Time's Encomium (1968-1969)
"Time's Encomium is the title because in this work everything depends on the absolute, not the seeming, length of events and sections. Being electronic, Time's Encomium has no inflective dimension. Its rhythm is always quantitative, never qualitative. Because I need time, I praise it; hence the title. Because it doesn't need me, I approach it respectively; hence the word 'encomium.'
"In performed music, rhythm is largely a qualitative, or accentual matter. Lengths of events are not the only determinants of their significance; the cultivated performer interprets the structure to find out its significance; then he stresses events he judges important. Thus, for good or ill, every performance involves qualitative additions to what the composer has specified; and all composers, aware or unaware, assume these inflections as a resource for making their works sound coherent.

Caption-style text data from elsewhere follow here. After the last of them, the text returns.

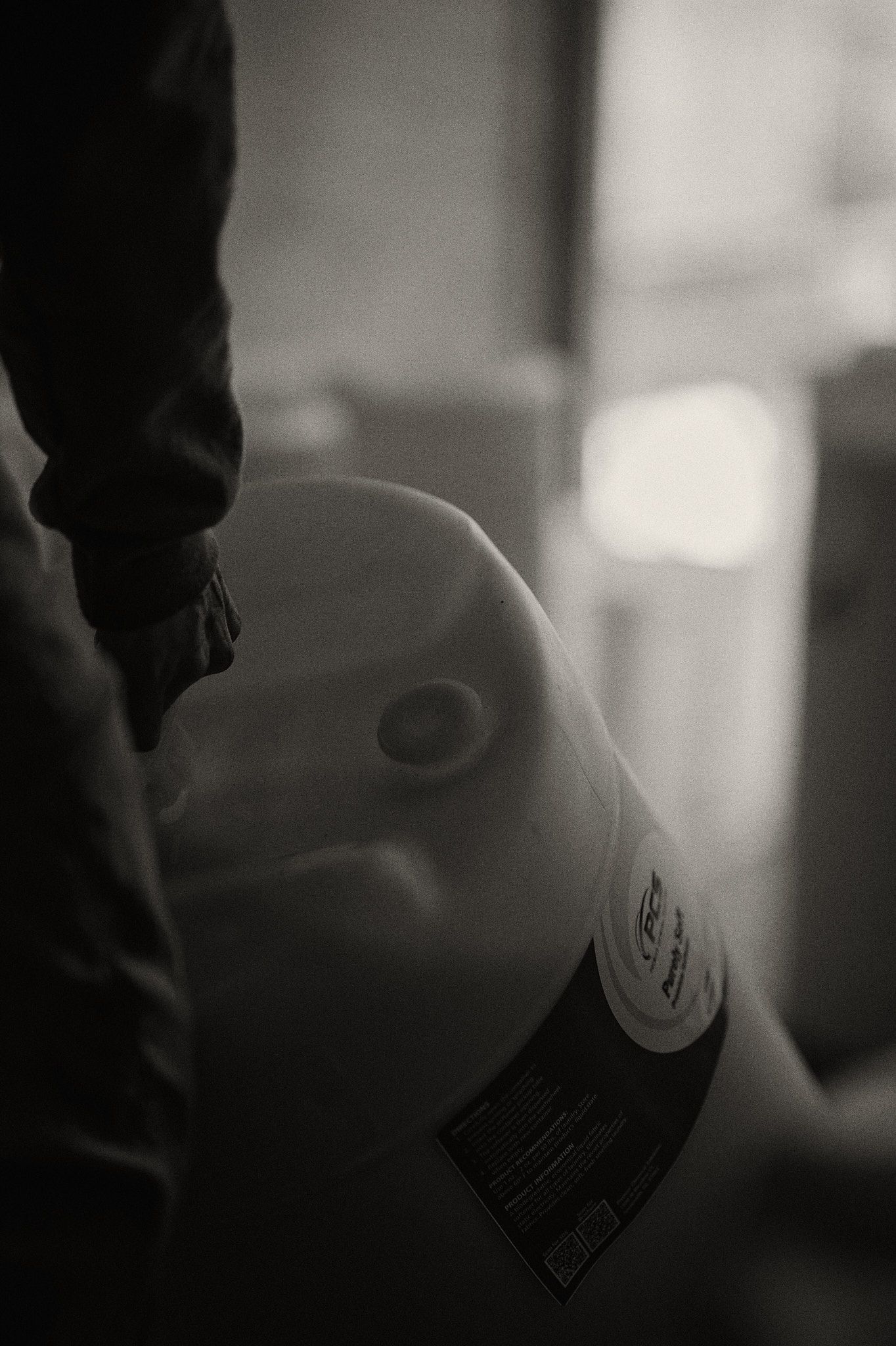 Person holding a large, packaged turkey; black and white.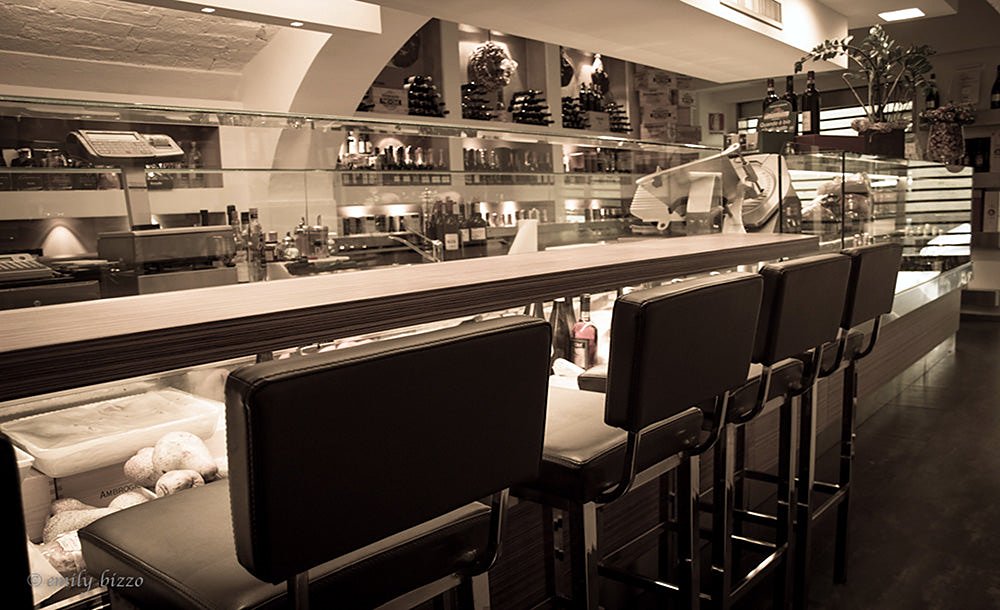 Counter seating and display cases at Zeb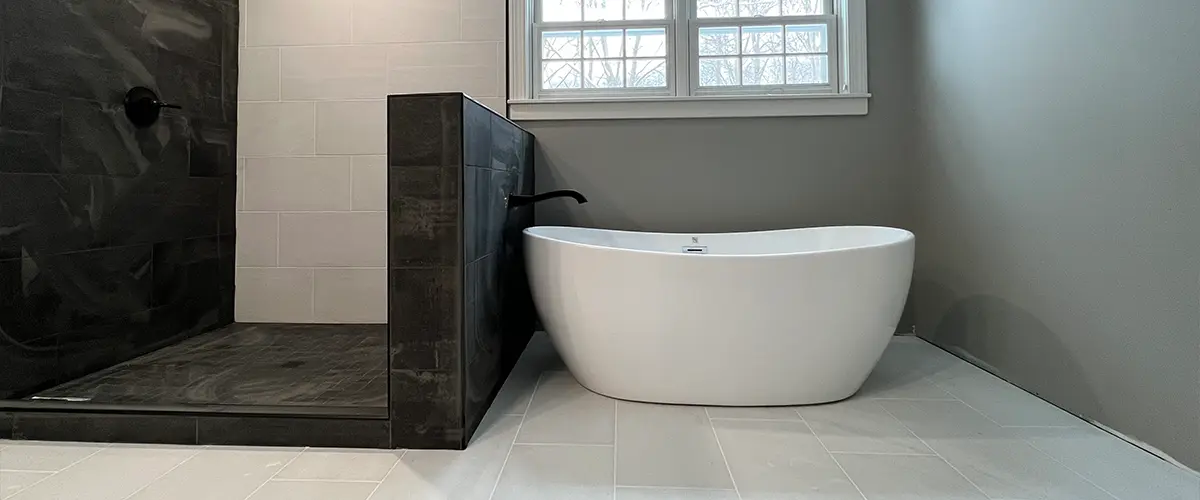 A freestanding tub with a black walk-in shower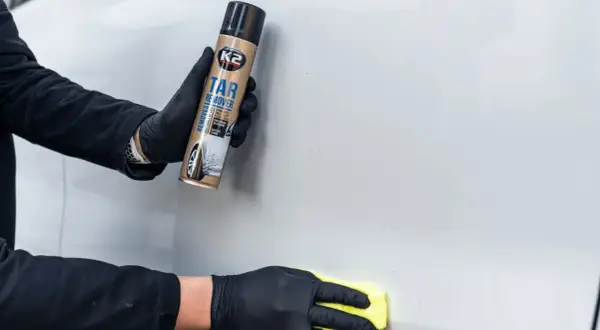 Ręce w czarnych rękawiczkach używają preparatu K2 Tar Remover, by usunąć naklejki z samochodu. Żółta ściereczka poleruje powierzchnię.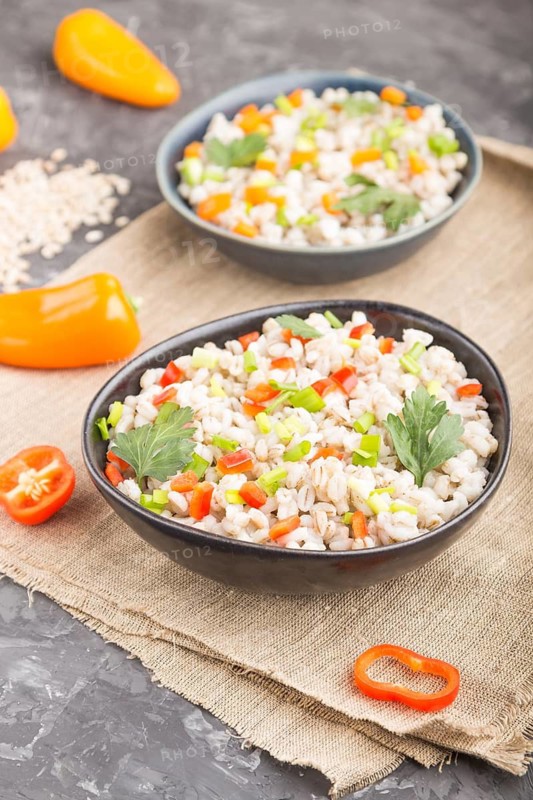 Pearl barley porridge with vegetables in blue ceramic bowls on a black concrete background and linen textile. Side view, close up, selective focus. Russian traditional cuisine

"But in a purely electronic work like Time's Encomium, these resources are absent. What could take their place? In my view, only the precise temporal control that, perhaps beyond anything else, characterizes the electronic medium. By composing with a view to the proportions among absolute lengths of events -- be they small (note-to-note distances) or large (overall form) -- rather than to their relative 'weights,' one's attitude toward the meaning of musical events alters and (I believe) begins to conform to the basic nature of a medium in which sound is always reproduced, never performed. This is what I mean by the 'absolute, not the seeming, length of events.'
"Part I is generative, but not completely. It mainly varies pre-existing material. Therefore it may be called ornamental. Those who like relatively severe and slowly-unfolding music should listen first to Part I. Those who like complex and rapidly unfolding music should listen first to Part II. Eventually, both parts should be listened to in succession, with a break between.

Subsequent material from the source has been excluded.